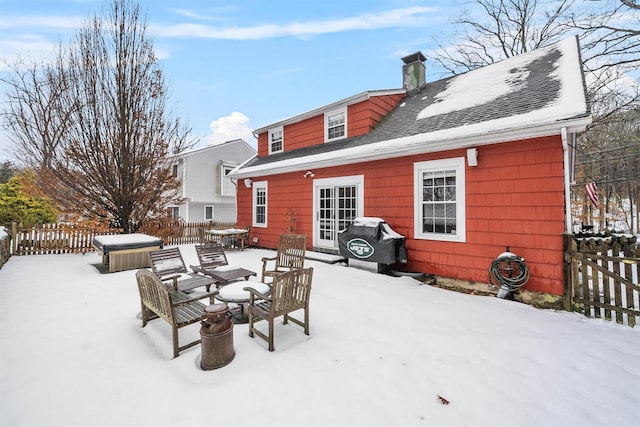 exterior space featuring a hot tub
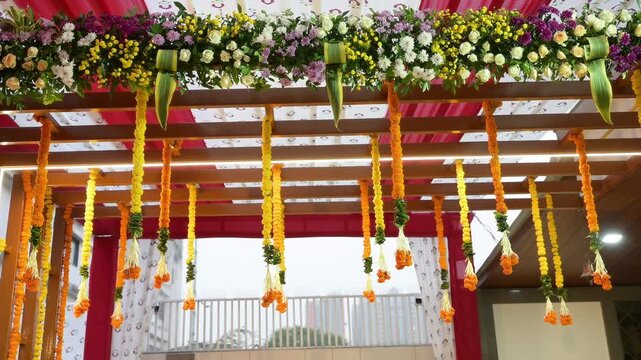 Colorful Floral Wedding Mandap With Hanging Marigold Garlands and Elegant Ceremony Decorations
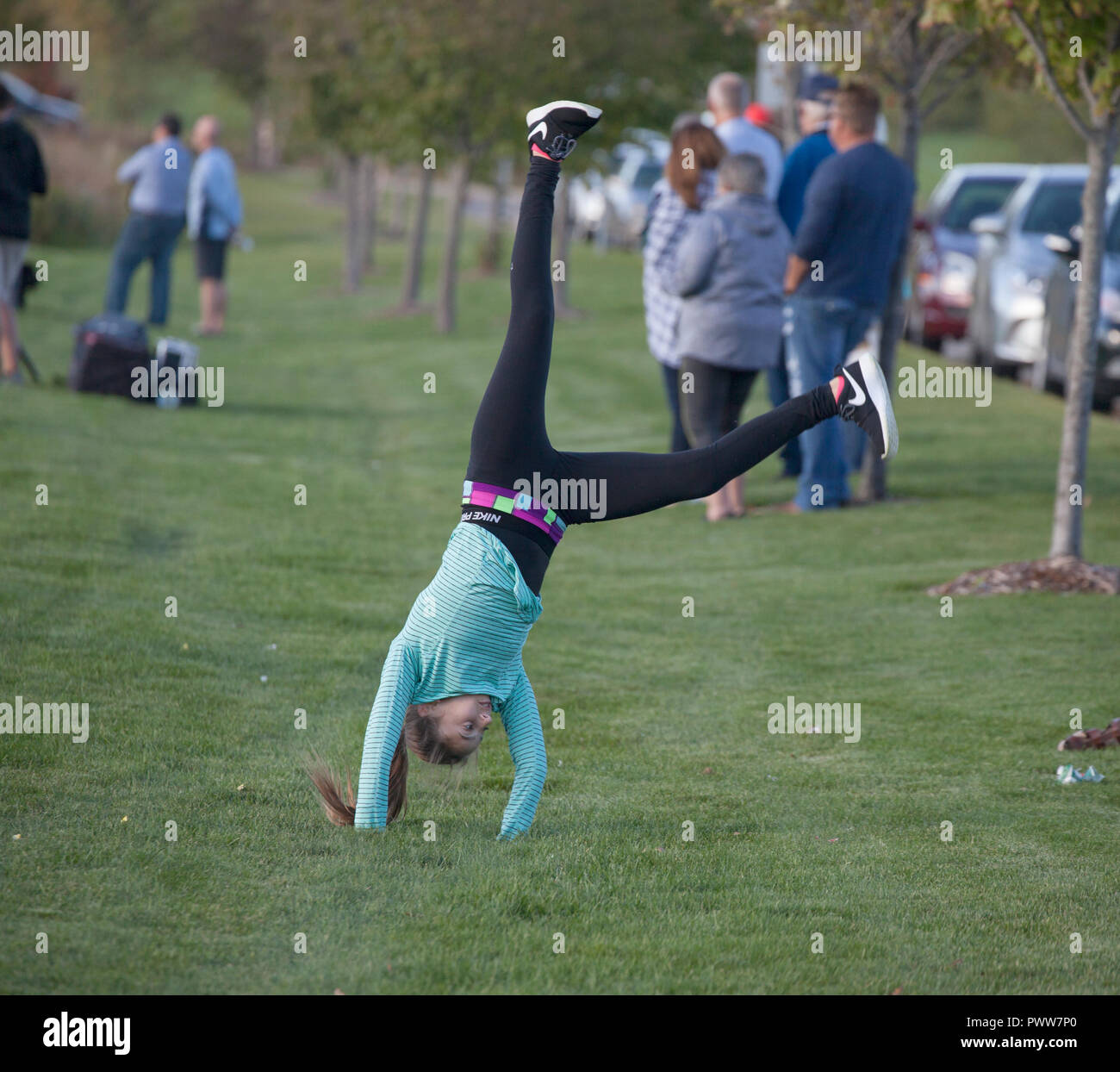 Free spirited young girl age 11, bored with watching a neighborhood football game, does cartwheels for her pleasure. Mendota Heights Minnesota MN USA Stock Photo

Task directions: Your answer should set down the listing verbatim and leave out its images.

Solution to the exercise:
 exterior space featuring a hot tub
 Colorful Floral Wedding Mandap With Hanging Marigold Garlands and Elegant Ceremony Decorations
 Free spirited young girl age 11, bored with watching a neighborhood football game, does cartwheels for her pleasure. Mendota Heights Minnesota MN USA Stock Photo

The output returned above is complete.